Kenan Evren, can güvenliği derdine düşürülmüş kitlelerden özgürlüklerinin yok edilmesine katlanmalarını istiyordu. Bugün İç Güvenlik Paketi’ni savunanlar da tıpkı Kenan Evren gibi sokaklarda yaşanan cinayetlerle halkı korkutarak özgürlüklerinden vazgeçmeye razı olmalarını istiyor. Kenan Evren de en küçük eleştiriden başlayarak demokratik haklarını talep eden herkesi 12 Eylül öncesine dönmeyi istemekle suçluyordu.
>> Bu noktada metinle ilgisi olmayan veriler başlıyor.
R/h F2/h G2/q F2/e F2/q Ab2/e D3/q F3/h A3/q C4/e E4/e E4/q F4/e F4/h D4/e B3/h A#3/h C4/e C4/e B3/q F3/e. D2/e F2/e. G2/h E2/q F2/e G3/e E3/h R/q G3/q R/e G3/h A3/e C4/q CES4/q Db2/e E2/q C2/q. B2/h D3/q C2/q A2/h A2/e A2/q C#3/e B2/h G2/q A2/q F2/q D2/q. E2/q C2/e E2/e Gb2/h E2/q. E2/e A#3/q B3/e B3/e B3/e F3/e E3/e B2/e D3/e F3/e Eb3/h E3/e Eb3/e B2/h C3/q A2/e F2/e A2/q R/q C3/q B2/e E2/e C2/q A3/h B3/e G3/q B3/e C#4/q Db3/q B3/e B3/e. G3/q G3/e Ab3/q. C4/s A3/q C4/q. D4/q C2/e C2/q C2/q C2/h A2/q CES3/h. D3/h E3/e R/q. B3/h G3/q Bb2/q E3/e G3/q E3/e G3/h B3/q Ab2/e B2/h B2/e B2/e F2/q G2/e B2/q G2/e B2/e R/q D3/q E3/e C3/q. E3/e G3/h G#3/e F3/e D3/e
Darbeci Kenan Evren de 12 Eylül öncesi her gün ölen gençleri halkın başına kakıyordu.
Bugün de İç Güvenlik Paketi’ni savunanlar, paketi özgürlükleri sınırladığı için eleştirenleri kaos istemekle, molotof atılmasını savunmakla suçluyor, demokratik özgürlükleri terörize ederek korkularını korkuya dönüştürmeye çalışıyor.
Polisin yetkilerinin artırılması, 12 Eylül döneminde de en çok tartışılan konulardan biriydi.
Darbeci Kenan Evren polisin değişik sendikalarda örgütlenmesini diline dolamış, polis Pol-Der’li Pol-Bir’li diye bölünmüştü, görevini yapmıyordu diye bas bas bağırıyordu.
Bugünkü hükümet de 12 yıl birlikte yürüdüğü bir cemaat üzerinden bir kesim polisini “paralelci” diye suçluyor.
İç Güvenlik Paketi’ni tartışan hükümet destekli hukukçular pakete karşı çıkan baro başkanına “Sizin bu tasarıya karşı çıkmanızı anlamıyorum, sizi dava edenleri de bu tasarı tasfiye ediyor” diyerek paralelci polis üzerinden özgürlükler pahasına ortak düşman yaratmak istiyor.
Darbeci Kenan Evren,”anarşi” ve “anarşist” söylemiyle ezdikleri milyonları ötekileştiriyordu. Bugünkü hükümet de, “seçilmiş hükümete darbe planlayanlar”, “paralelciler”, “yeni Türkiye’ye karşı hainler” diyerek milyonları ötekileştiriyor.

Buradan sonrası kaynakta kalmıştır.